• _Assigned task_:
Print every line below that comes at or after the line containing "Mattel Hot Wheels", exactly as written.

• _Given data_:

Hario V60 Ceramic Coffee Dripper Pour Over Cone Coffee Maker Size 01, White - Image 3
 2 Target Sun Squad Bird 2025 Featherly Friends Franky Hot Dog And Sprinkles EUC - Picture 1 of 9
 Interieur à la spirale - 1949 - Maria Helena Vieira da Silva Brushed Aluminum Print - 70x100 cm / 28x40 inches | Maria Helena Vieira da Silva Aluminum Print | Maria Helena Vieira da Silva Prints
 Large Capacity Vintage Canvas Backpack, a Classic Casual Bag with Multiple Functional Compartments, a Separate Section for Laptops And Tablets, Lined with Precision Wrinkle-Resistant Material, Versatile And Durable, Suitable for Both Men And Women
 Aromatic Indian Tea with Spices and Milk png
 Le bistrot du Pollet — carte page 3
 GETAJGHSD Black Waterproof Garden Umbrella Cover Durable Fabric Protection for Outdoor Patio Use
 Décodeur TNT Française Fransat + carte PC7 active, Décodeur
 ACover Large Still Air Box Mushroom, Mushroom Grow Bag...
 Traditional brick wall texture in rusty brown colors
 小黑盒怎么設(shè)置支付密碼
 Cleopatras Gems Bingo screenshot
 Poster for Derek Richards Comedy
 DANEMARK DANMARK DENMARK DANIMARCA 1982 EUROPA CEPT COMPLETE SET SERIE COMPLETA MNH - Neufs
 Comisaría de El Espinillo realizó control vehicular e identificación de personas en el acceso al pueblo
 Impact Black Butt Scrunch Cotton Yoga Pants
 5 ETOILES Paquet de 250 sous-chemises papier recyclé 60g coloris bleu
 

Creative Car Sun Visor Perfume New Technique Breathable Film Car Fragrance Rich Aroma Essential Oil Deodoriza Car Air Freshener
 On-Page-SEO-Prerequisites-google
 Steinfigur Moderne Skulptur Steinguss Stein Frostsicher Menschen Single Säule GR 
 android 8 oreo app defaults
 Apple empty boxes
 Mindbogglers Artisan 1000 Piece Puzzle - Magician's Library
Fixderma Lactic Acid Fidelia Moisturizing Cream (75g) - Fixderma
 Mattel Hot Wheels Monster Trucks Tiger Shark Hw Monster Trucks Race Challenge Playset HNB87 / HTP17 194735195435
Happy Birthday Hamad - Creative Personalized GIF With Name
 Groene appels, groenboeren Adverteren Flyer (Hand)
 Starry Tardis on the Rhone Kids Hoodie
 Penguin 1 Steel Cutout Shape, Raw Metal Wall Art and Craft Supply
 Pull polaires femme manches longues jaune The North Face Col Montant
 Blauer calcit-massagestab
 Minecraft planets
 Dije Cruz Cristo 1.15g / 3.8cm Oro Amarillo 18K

• _Result of this exercise_:
 Mattel Hot Wheels Monster Trucks Tiger Shark Hw Monster Trucks Race Challenge Playset HNB87 / HTP17 194735195435
Happy Birthday Hamad - Creative Personalized GIF With Name
 Groene appels, groenboeren Adverteren Flyer (Hand)
 Starry Tardis on the Rhone Kids Hoodie
 Penguin 1 Steel Cutout Shape, Raw Metal Wall Art and Craft Supply
 Pull polaires femme manches longues jaune The North Face Col Montant
 Blauer calcit-massagestab
 Minecraft planets
 Dije Cruz Cristo 1.15g / 3.8cm Oro Amarillo 18K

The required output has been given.